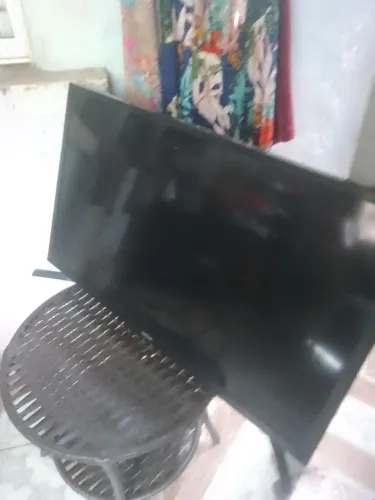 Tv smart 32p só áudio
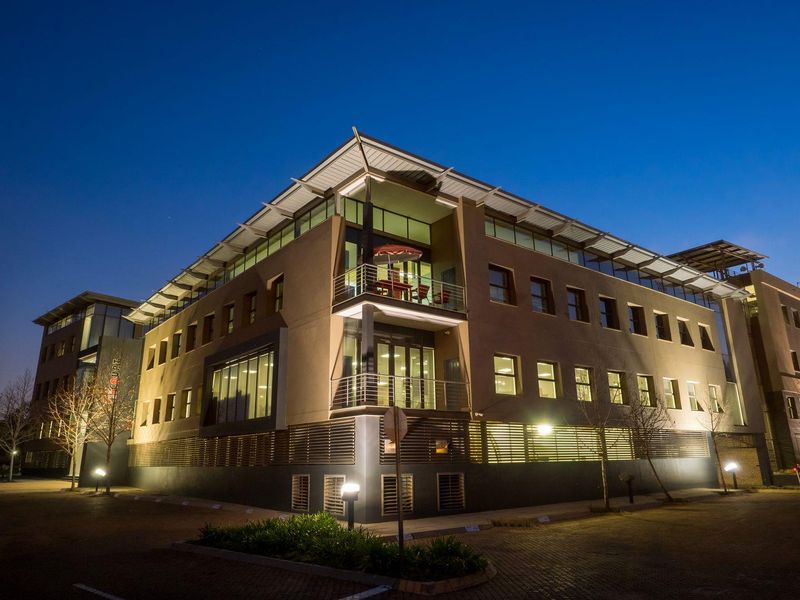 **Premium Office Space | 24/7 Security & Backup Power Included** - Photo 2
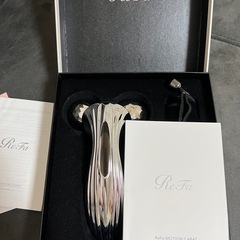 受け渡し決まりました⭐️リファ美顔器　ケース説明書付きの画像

...

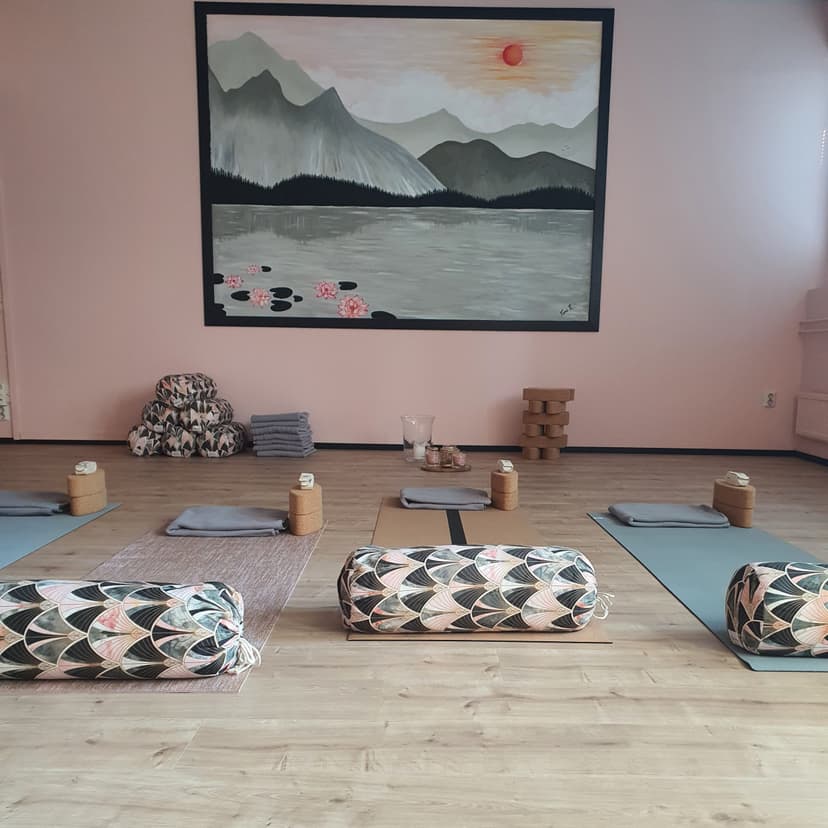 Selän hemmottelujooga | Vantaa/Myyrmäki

--

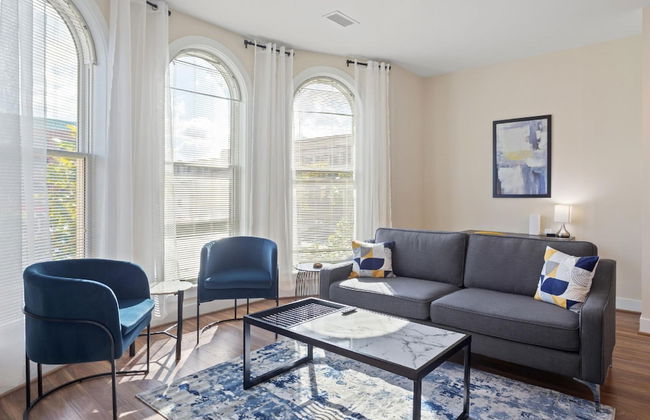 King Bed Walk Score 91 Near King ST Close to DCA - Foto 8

What is being asked →
Using the entries above, repeat exactly the lines from the one with "Tv smart 32p só áudio" to the one with "受け渡し決まりました⭐️リファ美顔器　ケース説明書付きの画像", both included, and leave the pictures behind.

Exercise result →
 Tv smart 32p só áudio
 **Premium Office Space | 24/7 Security & Backup Power Included** - Photo 2
 受け渡し決まりました⭐️リファ美顔器　ケース説明書付きの画像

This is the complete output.